# [Exercise requirements]
In your answer, set down the records below exactly as they stand, omitting pictures.

# [Records to process]
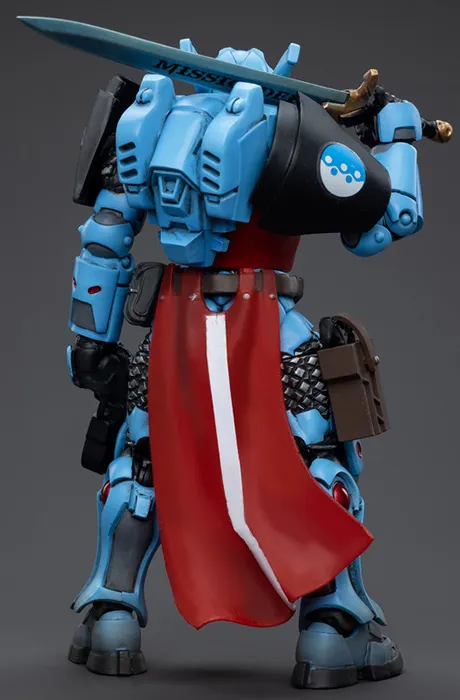 PanOceania Knights Hospitallers 1/18 Scale | Infinity Corvus Belli | Joy Toy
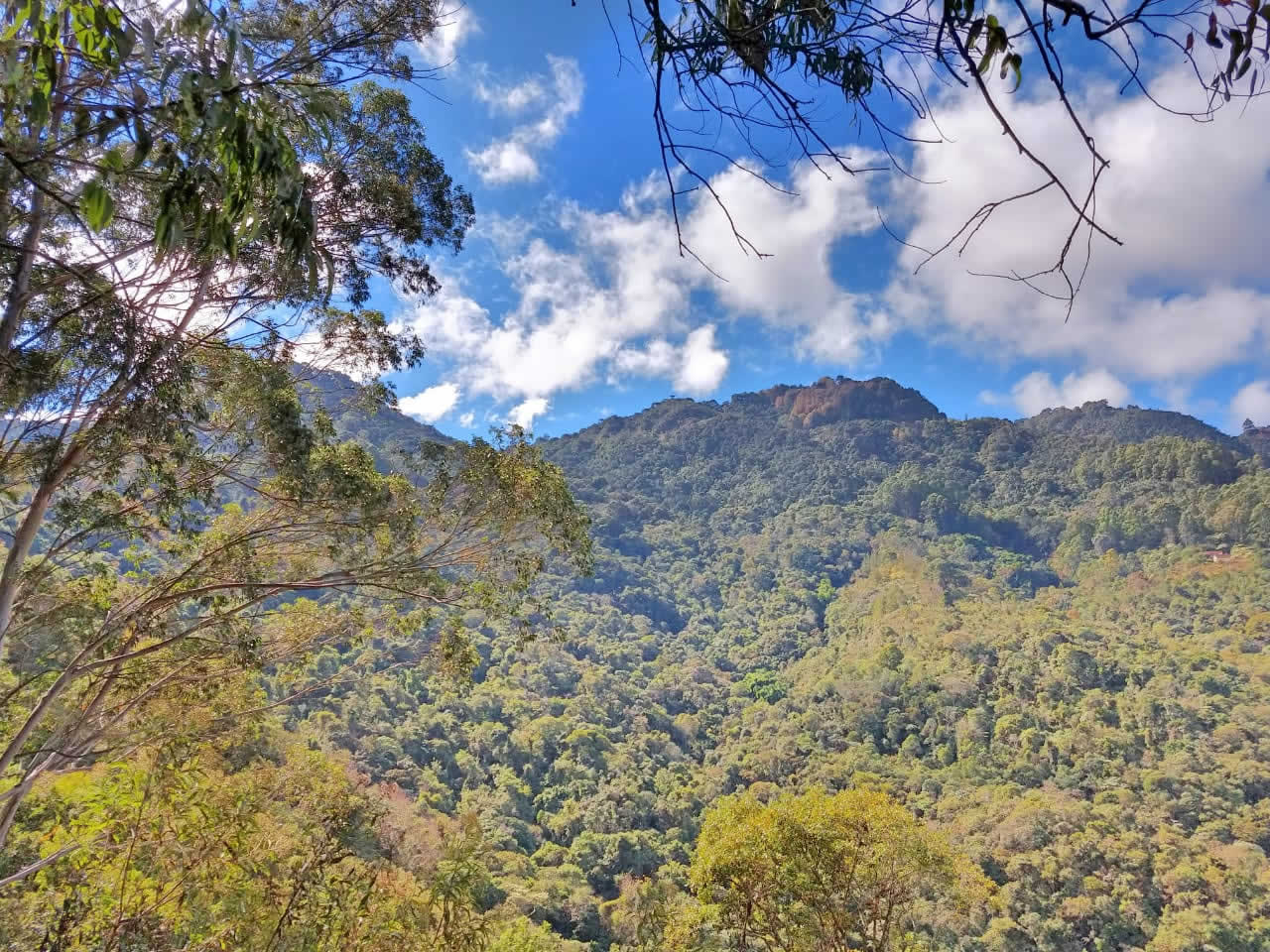 AVENTORIBA - Hotel Toriba - Serra da Mantiqueira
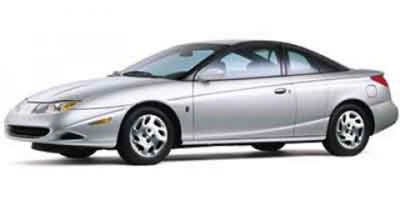  2001 Saturn SC 3dr Coupe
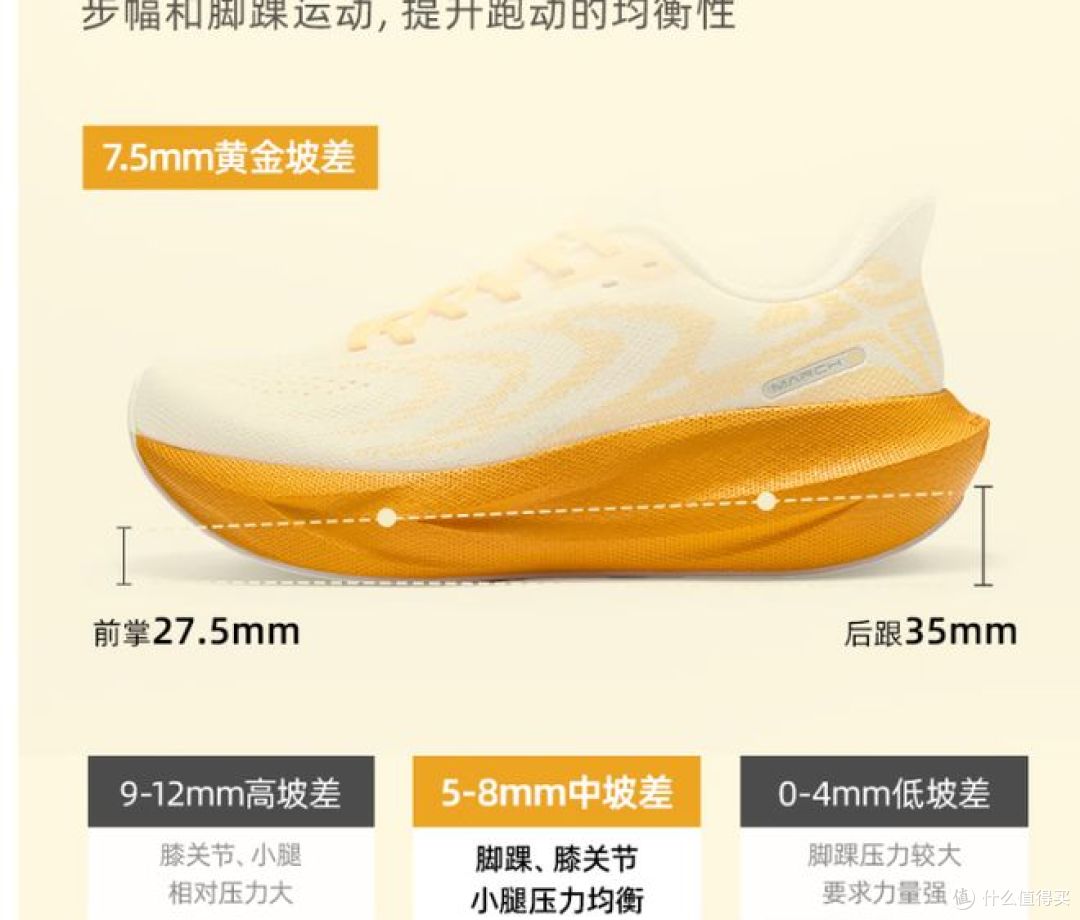 必迈推出远征者6.0跑鞋,男女皆宜,防滑舒适!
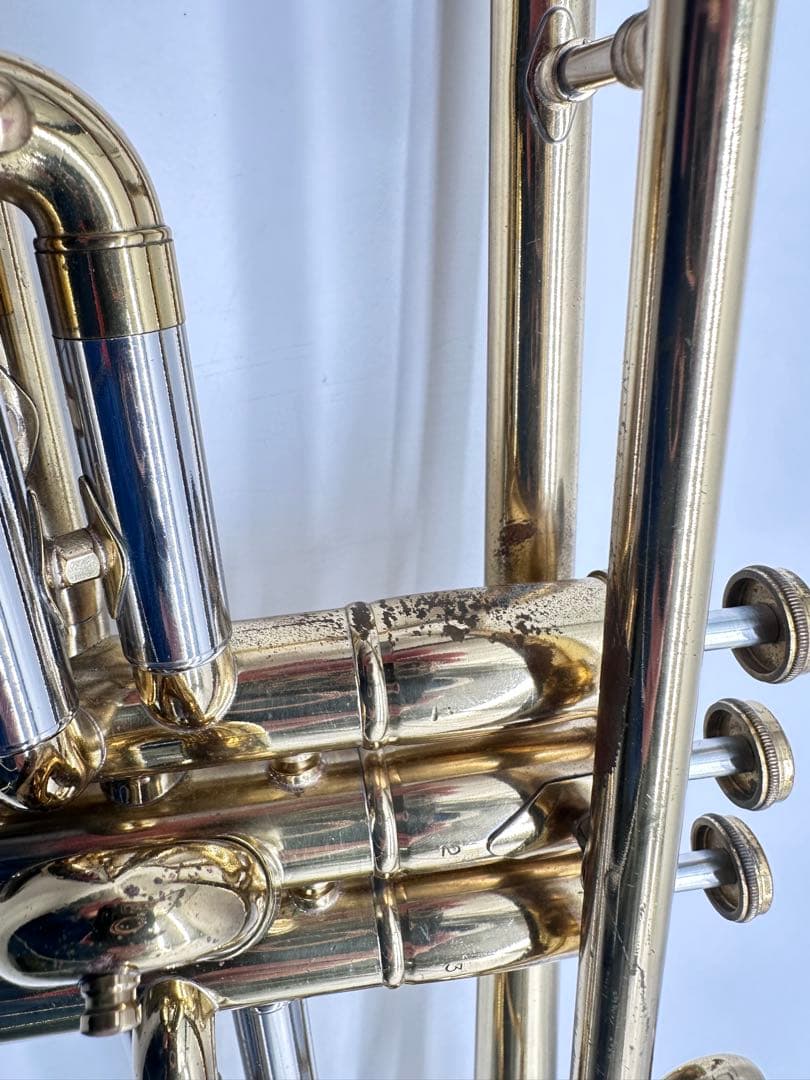 旧YAMAHA　NIKKAN ニッカン　TR-231　トランペット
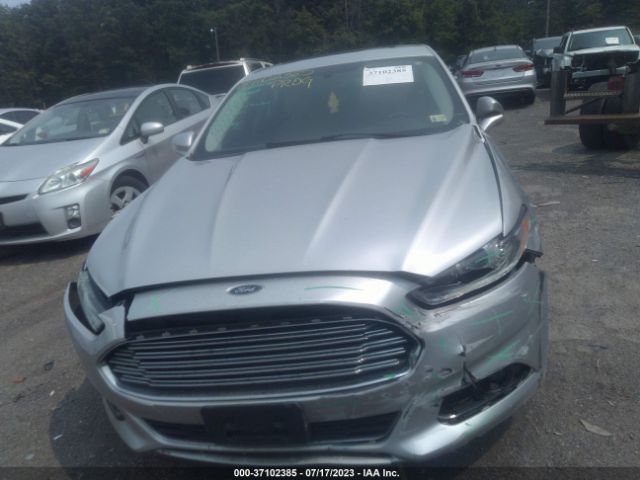 Photo 9 VIN: 3FA6P0K99ER231655 - FORD FUSION 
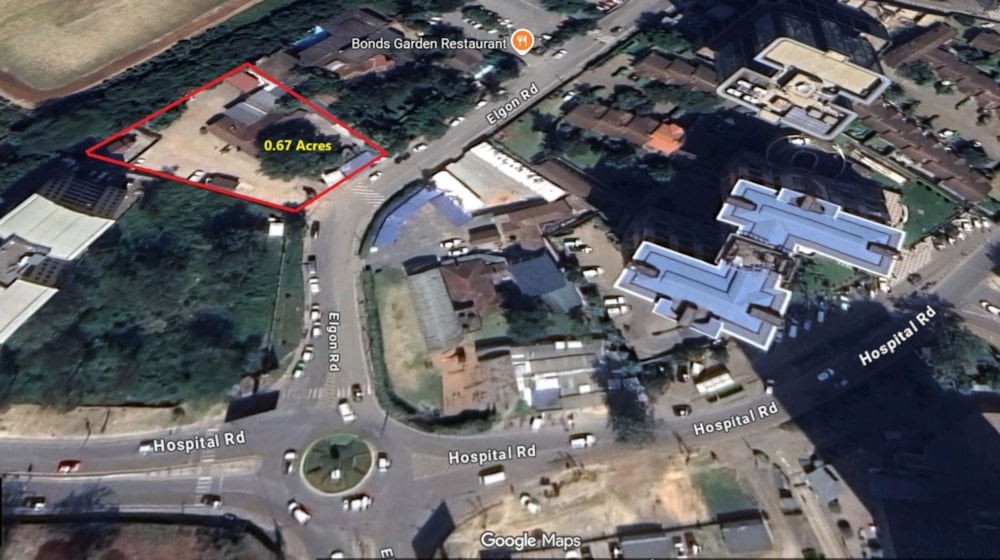 Commercial vacant land for sale in Upper Hill, Kenya - 3KE1710528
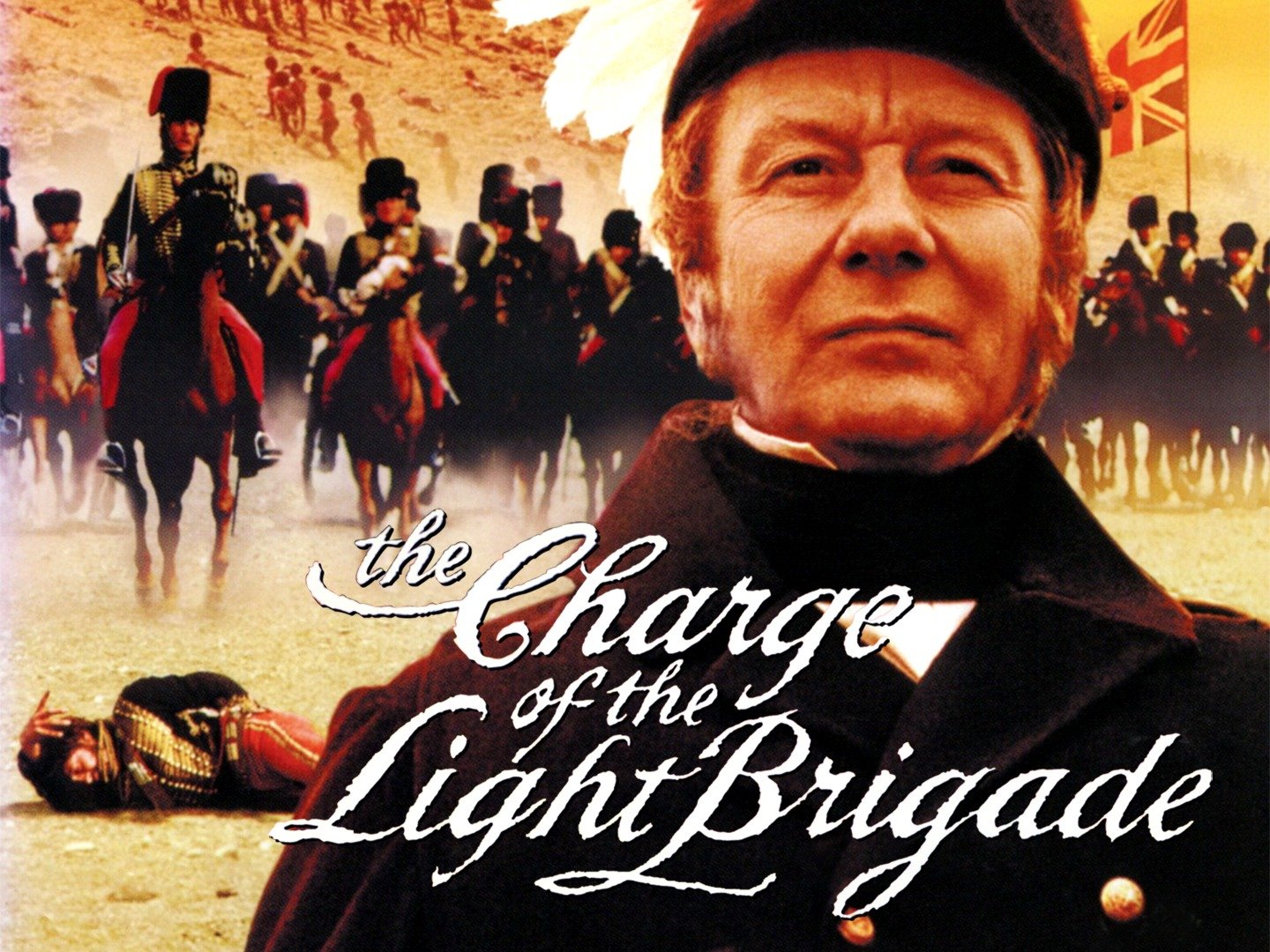 charge of the light brigade movie 1968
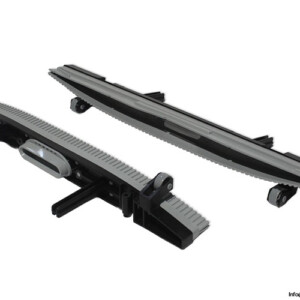 NILFISK 9100002064 URETHANE SQUEEGEE BLADE KIT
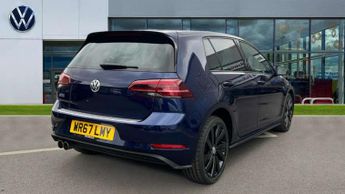 Volkswagen Golf GTE 1.4 TSI GTE Advance 5dr DSG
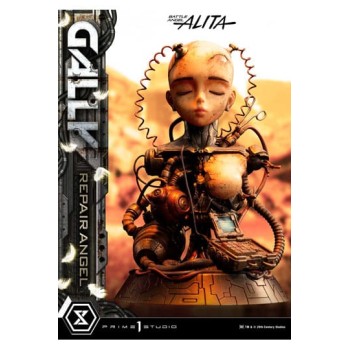 Alita: Battle Angel Statue 1/4 Alita Repair Angel 20 cm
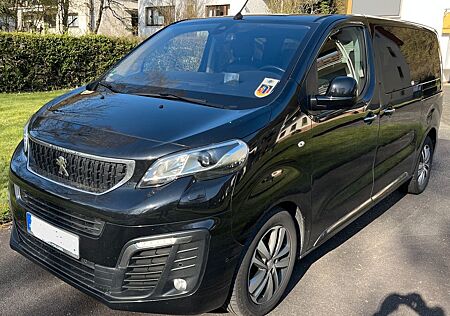 Peugeot Traveller BlueHDi 180 S&S EAT8 Active L2 Active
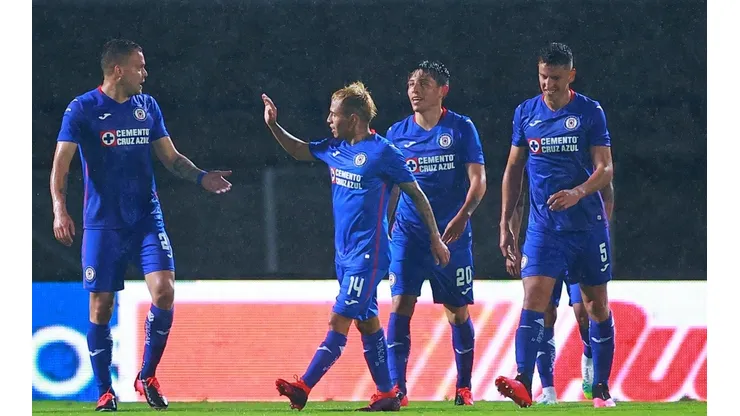 Las seis veces que Cruz Azul remontó sobre el final este 2020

# [Completed task]
 PanOceania Knights Hospitallers 1/18 Scale | Infinity Corvus Belli | Joy Toy
 AVENTORIBA - Hotel Toriba - Serra da Mantiqueira
  2001 Saturn SC 3dr Coupe
 必迈推出远征者6.0跑鞋,男女皆宜,防滑舒适!
 旧YAMAHA　NIKKAN ニッカン　TR-231　トランペット
 Photo 9 VIN: 3FA6P0K99ER231655 - FORD FUSION 
 Commercial vacant land for sale in Upper Hill, Kenya - 3KE1710528
 charge of the light brigade movie 1968
 NILFISK 9100002064 URETHANE SQUEEGEE BLADE KIT
 Volkswagen Golf GTE 1.4 TSI GTE Advance 5dr DSG
 Alita: Battle Angel Statue 1/4 Alita Repair Angel 20 cm
 Peugeot Traveller BlueHDi 180 S&S EAT8 Active L2 Active
 Las seis veces que Cruz Azul remontó sobre el final este 2020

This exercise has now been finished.